PTFE should not be a problem for any or the boiler fittings and only needs to go on the threads, they are blanking plugs and you can actually use High temperature food grade sealant on them (although I have never found one I liked) but I prefer taking the time for PTFE and I don't wrap it around any grooves, just the thread.

I'll step back from this one for now as I can't visualise accurately what you have done, how you have done it and what you have done it to. I worry that any advice I give you without the right information may just make things worse.

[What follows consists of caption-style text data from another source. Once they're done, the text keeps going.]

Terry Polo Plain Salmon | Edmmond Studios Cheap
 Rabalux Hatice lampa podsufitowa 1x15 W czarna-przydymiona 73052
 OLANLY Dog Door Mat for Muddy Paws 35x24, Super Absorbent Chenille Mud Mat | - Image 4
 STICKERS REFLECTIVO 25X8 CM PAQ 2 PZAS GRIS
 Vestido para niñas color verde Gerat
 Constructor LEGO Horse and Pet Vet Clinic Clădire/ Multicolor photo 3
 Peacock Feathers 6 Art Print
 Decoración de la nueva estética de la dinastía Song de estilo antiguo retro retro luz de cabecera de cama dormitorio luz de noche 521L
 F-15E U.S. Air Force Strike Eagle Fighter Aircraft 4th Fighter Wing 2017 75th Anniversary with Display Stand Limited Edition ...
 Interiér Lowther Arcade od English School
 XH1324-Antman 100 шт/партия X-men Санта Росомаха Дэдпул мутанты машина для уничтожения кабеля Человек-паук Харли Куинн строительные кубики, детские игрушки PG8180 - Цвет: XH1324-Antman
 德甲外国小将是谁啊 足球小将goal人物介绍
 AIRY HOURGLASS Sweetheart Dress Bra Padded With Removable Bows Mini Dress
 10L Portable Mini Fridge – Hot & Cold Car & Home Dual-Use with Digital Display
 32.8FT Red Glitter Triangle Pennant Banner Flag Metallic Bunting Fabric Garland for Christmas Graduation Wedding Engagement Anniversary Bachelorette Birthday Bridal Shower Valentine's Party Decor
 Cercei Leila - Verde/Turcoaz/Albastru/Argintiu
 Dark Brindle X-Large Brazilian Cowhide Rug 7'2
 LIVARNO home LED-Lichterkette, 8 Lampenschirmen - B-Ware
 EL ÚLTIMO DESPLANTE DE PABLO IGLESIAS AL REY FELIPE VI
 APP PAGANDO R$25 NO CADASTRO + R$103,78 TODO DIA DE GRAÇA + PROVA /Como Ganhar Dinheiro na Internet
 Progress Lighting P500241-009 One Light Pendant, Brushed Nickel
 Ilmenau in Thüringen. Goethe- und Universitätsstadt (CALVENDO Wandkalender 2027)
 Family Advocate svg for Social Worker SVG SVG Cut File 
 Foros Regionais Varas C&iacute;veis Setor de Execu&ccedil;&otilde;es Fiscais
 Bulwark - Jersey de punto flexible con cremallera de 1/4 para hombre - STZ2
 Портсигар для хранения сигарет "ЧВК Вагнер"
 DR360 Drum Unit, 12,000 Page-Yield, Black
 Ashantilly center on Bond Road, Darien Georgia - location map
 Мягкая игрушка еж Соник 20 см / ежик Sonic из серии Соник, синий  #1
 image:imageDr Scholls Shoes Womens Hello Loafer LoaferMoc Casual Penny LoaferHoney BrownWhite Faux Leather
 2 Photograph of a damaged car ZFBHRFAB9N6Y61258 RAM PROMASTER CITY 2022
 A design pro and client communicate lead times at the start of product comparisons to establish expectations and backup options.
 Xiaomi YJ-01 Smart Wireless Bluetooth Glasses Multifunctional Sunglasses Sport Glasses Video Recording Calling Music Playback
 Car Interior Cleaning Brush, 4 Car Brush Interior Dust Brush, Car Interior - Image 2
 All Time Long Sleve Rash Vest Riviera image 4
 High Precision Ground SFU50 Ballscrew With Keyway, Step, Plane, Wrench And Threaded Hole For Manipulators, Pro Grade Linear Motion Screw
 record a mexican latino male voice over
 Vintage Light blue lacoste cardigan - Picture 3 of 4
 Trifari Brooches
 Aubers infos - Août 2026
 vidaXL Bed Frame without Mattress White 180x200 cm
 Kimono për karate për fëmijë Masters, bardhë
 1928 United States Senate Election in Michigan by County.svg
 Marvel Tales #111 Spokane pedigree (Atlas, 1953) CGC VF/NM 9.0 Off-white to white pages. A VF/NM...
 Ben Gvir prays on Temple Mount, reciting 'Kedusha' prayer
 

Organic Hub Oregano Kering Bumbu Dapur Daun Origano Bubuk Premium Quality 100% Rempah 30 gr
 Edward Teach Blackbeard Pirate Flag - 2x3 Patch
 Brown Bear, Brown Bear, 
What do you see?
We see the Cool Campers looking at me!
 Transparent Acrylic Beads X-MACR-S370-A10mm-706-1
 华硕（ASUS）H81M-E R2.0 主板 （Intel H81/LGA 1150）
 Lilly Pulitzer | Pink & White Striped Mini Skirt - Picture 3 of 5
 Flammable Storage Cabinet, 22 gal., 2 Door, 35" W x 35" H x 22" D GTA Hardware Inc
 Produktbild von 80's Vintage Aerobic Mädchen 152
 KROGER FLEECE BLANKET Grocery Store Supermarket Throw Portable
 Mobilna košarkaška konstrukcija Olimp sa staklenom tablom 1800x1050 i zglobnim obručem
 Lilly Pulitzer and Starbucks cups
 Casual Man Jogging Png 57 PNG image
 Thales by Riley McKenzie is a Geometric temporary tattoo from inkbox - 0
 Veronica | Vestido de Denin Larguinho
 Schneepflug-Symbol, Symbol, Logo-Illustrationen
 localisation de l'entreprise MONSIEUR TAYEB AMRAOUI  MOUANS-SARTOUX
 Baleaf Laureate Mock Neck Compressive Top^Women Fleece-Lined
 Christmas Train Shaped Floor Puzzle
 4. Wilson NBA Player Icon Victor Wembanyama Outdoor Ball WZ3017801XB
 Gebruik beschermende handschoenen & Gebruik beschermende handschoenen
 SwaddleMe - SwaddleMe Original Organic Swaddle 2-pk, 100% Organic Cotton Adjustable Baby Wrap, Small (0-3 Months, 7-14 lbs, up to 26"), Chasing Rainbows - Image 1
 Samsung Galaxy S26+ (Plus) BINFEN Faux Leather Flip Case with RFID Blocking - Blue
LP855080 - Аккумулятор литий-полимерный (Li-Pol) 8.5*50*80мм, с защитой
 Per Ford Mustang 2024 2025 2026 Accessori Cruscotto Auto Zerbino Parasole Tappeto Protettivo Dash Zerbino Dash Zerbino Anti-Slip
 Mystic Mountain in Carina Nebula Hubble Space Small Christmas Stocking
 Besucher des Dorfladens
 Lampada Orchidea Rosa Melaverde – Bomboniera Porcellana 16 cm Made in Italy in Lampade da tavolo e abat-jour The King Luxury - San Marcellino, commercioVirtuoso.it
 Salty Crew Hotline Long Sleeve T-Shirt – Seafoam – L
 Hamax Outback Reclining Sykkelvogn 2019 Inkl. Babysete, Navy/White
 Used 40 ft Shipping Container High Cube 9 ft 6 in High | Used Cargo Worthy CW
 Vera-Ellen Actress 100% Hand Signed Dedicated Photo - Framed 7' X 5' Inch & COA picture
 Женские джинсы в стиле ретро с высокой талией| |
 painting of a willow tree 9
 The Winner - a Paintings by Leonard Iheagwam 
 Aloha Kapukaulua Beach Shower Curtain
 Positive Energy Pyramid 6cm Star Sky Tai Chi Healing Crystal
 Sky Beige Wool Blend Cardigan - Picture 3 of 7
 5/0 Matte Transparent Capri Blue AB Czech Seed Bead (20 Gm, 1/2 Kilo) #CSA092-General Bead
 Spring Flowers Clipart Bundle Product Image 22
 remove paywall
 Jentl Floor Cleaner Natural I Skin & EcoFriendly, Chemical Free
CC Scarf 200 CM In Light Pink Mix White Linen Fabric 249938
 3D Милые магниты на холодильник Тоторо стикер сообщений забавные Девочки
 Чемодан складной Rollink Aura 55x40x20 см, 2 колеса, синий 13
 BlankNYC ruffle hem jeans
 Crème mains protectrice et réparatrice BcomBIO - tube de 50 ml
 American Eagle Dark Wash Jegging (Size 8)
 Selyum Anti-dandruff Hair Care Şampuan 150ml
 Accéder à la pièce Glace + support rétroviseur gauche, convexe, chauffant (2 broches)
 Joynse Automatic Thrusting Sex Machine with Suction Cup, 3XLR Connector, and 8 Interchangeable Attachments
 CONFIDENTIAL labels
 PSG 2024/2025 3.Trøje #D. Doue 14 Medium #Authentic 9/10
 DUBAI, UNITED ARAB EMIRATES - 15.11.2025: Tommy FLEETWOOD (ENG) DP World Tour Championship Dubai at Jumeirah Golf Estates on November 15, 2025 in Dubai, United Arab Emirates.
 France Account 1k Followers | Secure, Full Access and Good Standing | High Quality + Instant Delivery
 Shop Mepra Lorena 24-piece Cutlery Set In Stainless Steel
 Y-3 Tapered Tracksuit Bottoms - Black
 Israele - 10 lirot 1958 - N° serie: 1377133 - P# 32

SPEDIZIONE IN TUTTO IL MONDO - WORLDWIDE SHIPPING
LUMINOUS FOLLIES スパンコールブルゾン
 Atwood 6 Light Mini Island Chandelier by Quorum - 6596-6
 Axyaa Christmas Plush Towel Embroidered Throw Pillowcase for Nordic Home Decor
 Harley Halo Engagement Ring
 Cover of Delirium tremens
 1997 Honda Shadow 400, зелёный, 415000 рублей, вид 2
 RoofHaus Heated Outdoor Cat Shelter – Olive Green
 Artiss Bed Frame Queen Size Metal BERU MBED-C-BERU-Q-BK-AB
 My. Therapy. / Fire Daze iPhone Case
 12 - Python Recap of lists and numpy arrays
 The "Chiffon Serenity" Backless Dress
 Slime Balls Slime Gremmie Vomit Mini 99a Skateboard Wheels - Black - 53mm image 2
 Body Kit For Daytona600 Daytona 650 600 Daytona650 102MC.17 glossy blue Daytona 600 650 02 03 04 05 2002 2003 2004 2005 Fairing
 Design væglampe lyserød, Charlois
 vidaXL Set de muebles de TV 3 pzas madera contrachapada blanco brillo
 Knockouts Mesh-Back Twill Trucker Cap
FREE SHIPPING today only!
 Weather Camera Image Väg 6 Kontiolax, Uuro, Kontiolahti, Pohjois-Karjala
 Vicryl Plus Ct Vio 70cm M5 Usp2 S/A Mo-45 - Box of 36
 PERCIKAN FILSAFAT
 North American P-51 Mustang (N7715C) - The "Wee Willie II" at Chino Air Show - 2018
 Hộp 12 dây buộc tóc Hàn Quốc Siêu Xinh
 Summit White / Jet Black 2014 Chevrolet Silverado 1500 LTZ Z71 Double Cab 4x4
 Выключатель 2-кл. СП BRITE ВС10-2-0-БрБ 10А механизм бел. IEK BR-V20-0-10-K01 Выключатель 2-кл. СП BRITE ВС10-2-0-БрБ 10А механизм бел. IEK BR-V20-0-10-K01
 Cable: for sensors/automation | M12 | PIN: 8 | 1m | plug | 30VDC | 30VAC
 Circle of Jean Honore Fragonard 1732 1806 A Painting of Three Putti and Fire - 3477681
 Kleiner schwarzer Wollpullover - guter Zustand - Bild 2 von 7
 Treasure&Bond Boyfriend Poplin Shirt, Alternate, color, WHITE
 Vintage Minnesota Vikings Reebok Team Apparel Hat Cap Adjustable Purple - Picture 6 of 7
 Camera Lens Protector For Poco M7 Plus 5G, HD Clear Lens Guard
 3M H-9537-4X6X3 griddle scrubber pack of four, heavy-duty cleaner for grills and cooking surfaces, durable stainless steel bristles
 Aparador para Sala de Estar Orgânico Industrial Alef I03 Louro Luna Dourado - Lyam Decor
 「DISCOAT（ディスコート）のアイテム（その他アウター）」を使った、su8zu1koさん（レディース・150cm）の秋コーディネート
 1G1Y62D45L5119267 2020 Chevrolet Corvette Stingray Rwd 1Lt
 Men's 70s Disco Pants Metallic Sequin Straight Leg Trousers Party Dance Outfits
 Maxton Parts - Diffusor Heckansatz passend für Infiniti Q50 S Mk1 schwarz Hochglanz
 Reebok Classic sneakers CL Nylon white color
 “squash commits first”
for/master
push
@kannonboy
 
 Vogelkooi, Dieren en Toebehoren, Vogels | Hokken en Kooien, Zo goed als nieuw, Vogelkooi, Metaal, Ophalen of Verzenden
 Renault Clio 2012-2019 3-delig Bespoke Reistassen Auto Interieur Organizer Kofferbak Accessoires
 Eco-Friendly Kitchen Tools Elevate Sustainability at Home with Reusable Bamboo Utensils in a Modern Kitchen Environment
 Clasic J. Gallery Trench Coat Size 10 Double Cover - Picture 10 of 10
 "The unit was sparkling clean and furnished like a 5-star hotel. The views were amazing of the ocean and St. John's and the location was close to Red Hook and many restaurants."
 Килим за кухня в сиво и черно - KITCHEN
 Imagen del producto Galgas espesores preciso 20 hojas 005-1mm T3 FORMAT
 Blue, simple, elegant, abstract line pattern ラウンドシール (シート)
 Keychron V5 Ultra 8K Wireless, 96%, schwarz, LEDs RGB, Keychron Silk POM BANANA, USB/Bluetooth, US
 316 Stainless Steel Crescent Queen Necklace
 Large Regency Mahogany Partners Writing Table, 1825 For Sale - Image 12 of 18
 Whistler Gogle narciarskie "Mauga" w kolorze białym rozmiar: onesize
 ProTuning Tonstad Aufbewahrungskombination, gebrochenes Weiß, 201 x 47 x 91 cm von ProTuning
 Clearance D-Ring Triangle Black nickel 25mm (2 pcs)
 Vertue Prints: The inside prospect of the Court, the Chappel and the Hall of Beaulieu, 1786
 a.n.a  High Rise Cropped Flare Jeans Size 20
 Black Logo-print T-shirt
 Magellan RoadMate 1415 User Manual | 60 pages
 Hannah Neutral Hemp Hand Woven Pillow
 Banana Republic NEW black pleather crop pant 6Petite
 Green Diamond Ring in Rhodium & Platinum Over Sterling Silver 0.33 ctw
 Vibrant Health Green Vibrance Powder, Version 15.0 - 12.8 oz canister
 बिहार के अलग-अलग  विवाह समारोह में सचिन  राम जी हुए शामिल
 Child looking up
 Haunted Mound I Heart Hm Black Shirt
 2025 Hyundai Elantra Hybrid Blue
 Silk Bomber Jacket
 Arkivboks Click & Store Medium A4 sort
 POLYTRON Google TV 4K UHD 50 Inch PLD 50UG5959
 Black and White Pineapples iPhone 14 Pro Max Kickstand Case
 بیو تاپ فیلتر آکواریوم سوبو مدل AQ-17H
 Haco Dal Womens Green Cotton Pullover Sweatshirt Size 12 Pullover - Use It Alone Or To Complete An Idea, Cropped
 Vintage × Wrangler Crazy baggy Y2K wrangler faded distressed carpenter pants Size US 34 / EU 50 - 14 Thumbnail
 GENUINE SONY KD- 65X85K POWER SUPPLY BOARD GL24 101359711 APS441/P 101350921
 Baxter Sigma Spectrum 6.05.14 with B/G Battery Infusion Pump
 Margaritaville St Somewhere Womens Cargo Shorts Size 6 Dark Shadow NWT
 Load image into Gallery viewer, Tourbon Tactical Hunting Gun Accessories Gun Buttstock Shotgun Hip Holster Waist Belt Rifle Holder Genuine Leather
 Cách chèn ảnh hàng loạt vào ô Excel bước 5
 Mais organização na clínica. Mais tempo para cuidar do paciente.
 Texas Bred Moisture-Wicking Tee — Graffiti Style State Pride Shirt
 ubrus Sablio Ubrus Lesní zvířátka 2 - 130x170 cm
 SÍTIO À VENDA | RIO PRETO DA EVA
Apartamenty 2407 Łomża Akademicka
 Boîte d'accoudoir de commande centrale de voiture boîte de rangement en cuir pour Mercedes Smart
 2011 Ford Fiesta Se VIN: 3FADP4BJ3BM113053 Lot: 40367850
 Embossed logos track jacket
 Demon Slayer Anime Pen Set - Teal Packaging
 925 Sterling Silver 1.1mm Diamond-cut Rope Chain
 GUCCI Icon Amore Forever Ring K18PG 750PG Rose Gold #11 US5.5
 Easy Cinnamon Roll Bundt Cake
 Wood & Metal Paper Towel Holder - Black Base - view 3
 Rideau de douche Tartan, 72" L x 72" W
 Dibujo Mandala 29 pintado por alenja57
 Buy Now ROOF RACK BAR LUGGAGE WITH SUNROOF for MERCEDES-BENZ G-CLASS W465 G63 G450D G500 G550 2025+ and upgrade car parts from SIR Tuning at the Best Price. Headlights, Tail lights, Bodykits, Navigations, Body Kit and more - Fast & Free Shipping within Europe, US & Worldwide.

P.S. Just in case....PTFE tape wrapped the wrong way on the thread rucks up and won't seal.


----------



## mctrials23 (May 8, 2017)

DavecUK said:


> I'm now getting confused. I keep asking for photos with arrows, what nut broke (how, was it a service boiler blanking bolt) what washer what collar? How did you wrap the thread, how many turns of PTFE, have you taken the boiler out, because that's how I understand it should be done to work on it, *not remove the entire bottom plate?*
> 
> PTFE should not be a problem for any or the boiler fittings and only needs to go on the threads, they are blanking plugs and you can actually use High temperature food grade sealant on them (although I have never found one I liked) but I prefer taking the time for PTFE and I don't wrap it around any grooves, just the thread.
> 
> ...


 Sorry, its all got a little convoluted. So initially I took off the pressure sealing bolt on the top of the steam boiler to drain it. See picture 1 with the broken washer next to it. That seems fine with some PTFE tape on the thread even if I wouldn't expect a washer to perish with less than a years use. That was just an annoyance and not the cause of any problems.

The issue is with the blanking bolts at the bottom of the steam boiler leaking. Picture two is of the seal that has cracked and I have removed from the nut. I have put anywhere between 2 and 5 wraps of PTFE tape around the leaking nuts with no success and every time I do this it takes a few hours because I have to wait for it to heat up and cool down between tests and if I want the machine to be a little easier to manage I am filling and draining the boiler each time.

Im making sure I wrap the PTFE the correct way around the threads.

The only way to work properly on the bottom of the boiler is to completely remove the bottom plate as there are a number of pipes and connectors that go into the bottom of the boiler that connect to the rest of the machine. Without access to undo those, you cannot remove the boiler or access many of the parts of the steam boiler at the bottom. The plate the water bottle sits on bolts into the floor of the machine and doesn't connect anywhere else. The same with the steam boiler. The steam boiler is held in place by the three legs bolted into the bottom plate along with the various pipes that link it to the rest of the machine. Does that make sense?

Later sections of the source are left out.